I had never heard of the stuff, but since I was going to be in the neighborhood anyway, I’d go ahead and buy it. The wife was in the market for blue and red potatoes anyway, and since Peaceful Valley stocked both varieties she was looking for, I figured I’d kill two birds with one potato…..ah…..stone.
Fred was right. The stuff isn’t cheap. A one gallon bottle will set you back a cool $40—not including tax. But—at the same time—this “all organic” product intrigued me. I’d done some research before visiting Peaceful Valley, and growers just RAVED about this stuff.
I’m not one of those “all organic” growers by the way. In my book it’s “whatever works.” Products with the name “Ortho” stenciled on them do not scare me, nor do I think they “poison the environment.” I’m always willing to try something new, so I decided to give Omega 666 a tryout in the garden.
This was one of those good calls. Combined with another powdered ingredient called “Maxicrop,” all sorts of vegetables starting popping out of raised planter beds. That included potatoes, several varieties of radish seed, peas, baby bok choi, lettuce, spinach, you name it.
At that point, I decided to use a weak solution of Omega 666 on the tomato and pepper seedlings growing in a spare bedroom.

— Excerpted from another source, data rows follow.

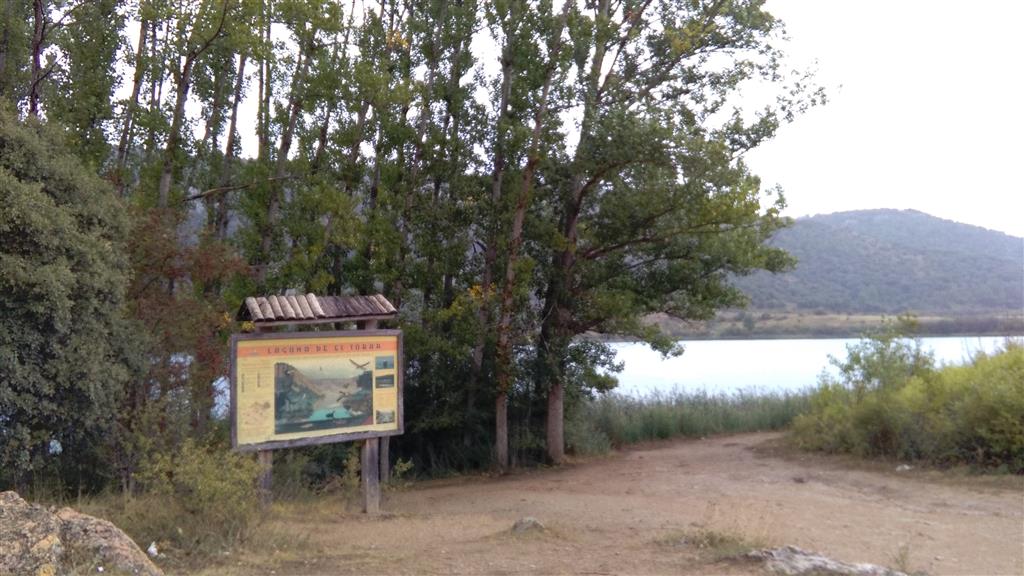 Fotografía de la Laguna Grande de El Tobar tomada el 14-9-2016 desde el final del camino que se dirige a la Laguna desde El Tobar. Se destaca la presencia de paneles informativos.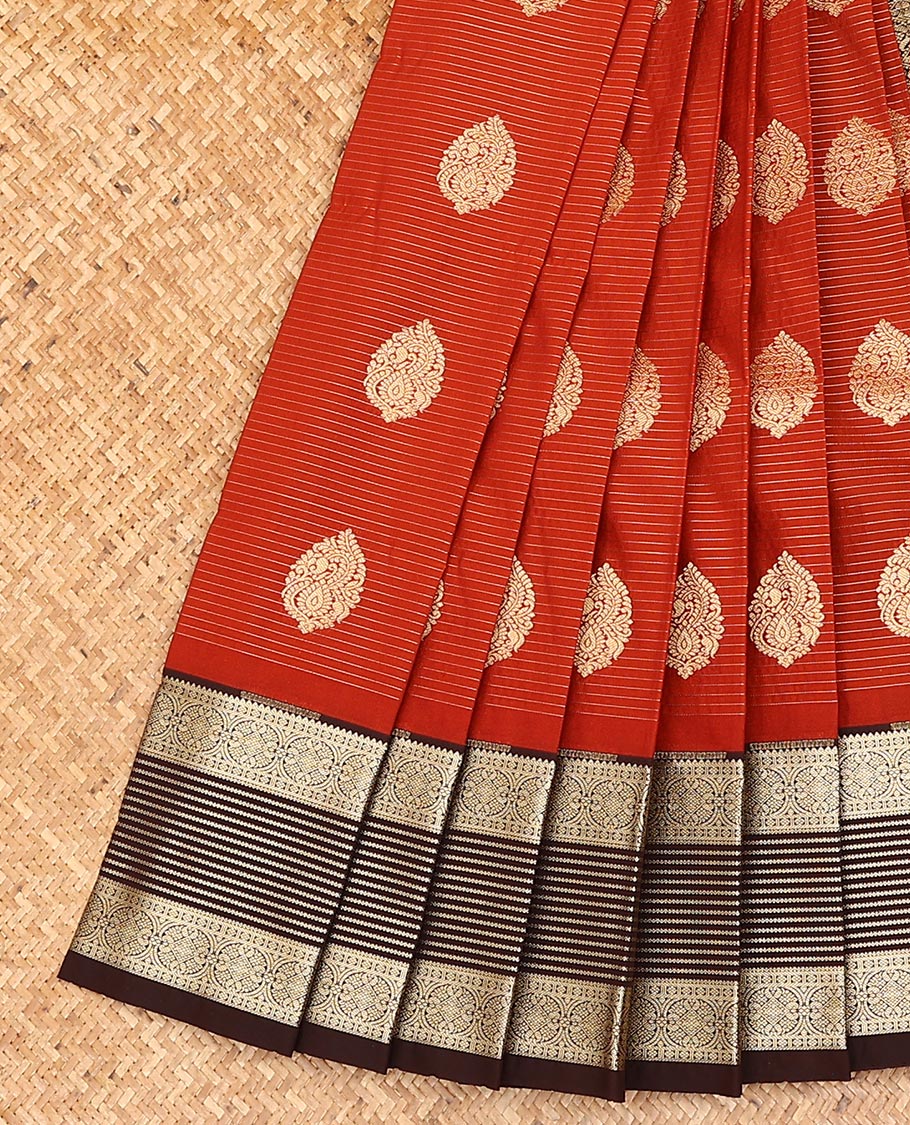 Red zari buttas, and striped gift saree, contrast traditional zari design border, and zari-rich jaal pallu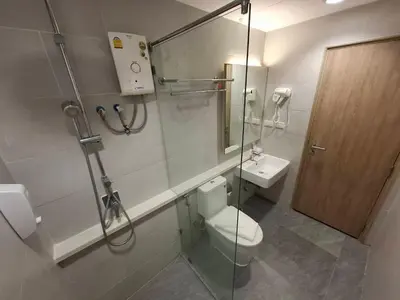a bathroom with a toilet and a glass shower stall at Collection O Pratunam 19 Hotel in Bangkok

I had used fish emulsion fertlizer with limited success some years earlier, so why not Omega 666?
Given a choice—what would I use? Fish Emulsion Fertilizer or Omega 666? That’s a tough call. The economical (see = CHEAP) side of me loves the $3 price for a bottle of Fish Emulsion Fertilizer. Then again, Omega 666 doesn’t leave the spare bedroom smelling like DEAD FISH either. So, I think I’ll choose the non-smelly, expensive stuff.
If this success keeps up, I will again produce tomato plant starters that are of “nursery quality.” The plants that you see here were started from seed the weekend following the Super Bowl. I started twice-weekly feedings of Omega 666 in mid-March, soon after the seedlings were transplanted from peat moss pellets into regular starter cups.
I now have starter plants so lush and large that they’re hitting the tops of my grow lights. Better yet—they have the kind of strong and healthy stems that indoor growers pray for, but rarely see.
I don’t often endorse products on this blog. And I certainly don’t accept any payments. I’d be dragged before a Senate Rules Firing Squad for doing such a thing. But I will reccommend products that I think are useful. And—for me—this “not-so-secret-sauce” packs a punch that my garden really does like.